[Stored items]
• • • • • • •

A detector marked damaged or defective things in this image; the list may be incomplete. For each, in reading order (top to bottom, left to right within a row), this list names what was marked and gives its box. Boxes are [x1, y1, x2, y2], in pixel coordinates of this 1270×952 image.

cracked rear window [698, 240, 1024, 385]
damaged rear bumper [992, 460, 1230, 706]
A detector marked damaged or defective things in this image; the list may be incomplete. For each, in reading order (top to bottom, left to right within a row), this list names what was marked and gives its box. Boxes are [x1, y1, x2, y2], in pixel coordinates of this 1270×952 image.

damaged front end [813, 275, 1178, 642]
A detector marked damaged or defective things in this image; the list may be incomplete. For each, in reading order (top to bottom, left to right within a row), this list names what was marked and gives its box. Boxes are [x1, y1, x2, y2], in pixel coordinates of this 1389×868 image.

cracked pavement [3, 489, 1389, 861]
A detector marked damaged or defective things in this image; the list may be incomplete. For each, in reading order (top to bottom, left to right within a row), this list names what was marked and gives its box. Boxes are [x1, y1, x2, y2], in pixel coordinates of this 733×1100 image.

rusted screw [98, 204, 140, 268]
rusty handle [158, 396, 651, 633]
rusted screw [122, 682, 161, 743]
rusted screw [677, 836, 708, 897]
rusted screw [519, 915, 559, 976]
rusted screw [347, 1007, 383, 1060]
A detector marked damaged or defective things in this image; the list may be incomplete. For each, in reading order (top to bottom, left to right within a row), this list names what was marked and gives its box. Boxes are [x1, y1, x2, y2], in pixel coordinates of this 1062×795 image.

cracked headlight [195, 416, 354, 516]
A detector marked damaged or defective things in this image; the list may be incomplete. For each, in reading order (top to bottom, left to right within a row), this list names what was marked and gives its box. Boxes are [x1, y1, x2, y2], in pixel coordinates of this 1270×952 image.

• • • • • • •

TASK DIRECTIONS: Output the complete data verbatim.

RESPONSE AREA:
A detector marked damaged or defective things in this image; the list may be incomplete. For each, in reading order (top to bottom, left to right within a row), this list names what was marked and gives its box. Boxes are [x1, y1, x2, y2], in pixel coordinates of this 1270×952 image.

cracked rear window [698, 240, 1024, 385]
damaged rear bumper [992, 460, 1230, 706]
A detector marked damaged or defective things in this image; the list may be incomplete. For each, in reading order (top to bottom, left to right within a row), this list names what was marked and gives its box. Boxes are [x1, y1, x2, y2], in pixel coordinates of this 1270×952 image.

damaged front end [813, 275, 1178, 642]
A detector marked damaged or defective things in this image; the list may be incomplete. For each, in reading order (top to bottom, left to right within a row), this list names what was marked and gives its box. Boxes are [x1, y1, x2, y2], in pixel coordinates of this 1389×868 image.

cracked pavement [3, 489, 1389, 861]
A detector marked damaged or defective things in this image; the list may be incomplete. For each, in reading order (top to bottom, left to right within a row), this list names what was marked and gives its box. Boxes are [x1, y1, x2, y2], in pixel coordinates of this 733×1100 image.

rusted screw [98, 204, 140, 268]
rusty handle [158, 396, 651, 633]
rusted screw [122, 682, 161, 743]
rusted screw [677, 836, 708, 897]
rusted screw [519, 915, 559, 976]
rusted screw [347, 1007, 383, 1060]
A detector marked damaged or defective things in this image; the list may be incomplete. For each, in reading order (top to bottom, left to right within a row), this list names what was marked and gives its box. Boxes are [x1, y1, x2, y2], in pixel coordinates of this 1062×795 image.

cracked headlight [195, 416, 354, 516]
A detector marked damaged or defective things in this image; the list may be incomplete. For each, in reading order (top to bottom, left to right within a row), this list names what was marked and gives its box. Boxes are [x1, y1, x2, y2], in pixel coordinates of this 1270×952 image.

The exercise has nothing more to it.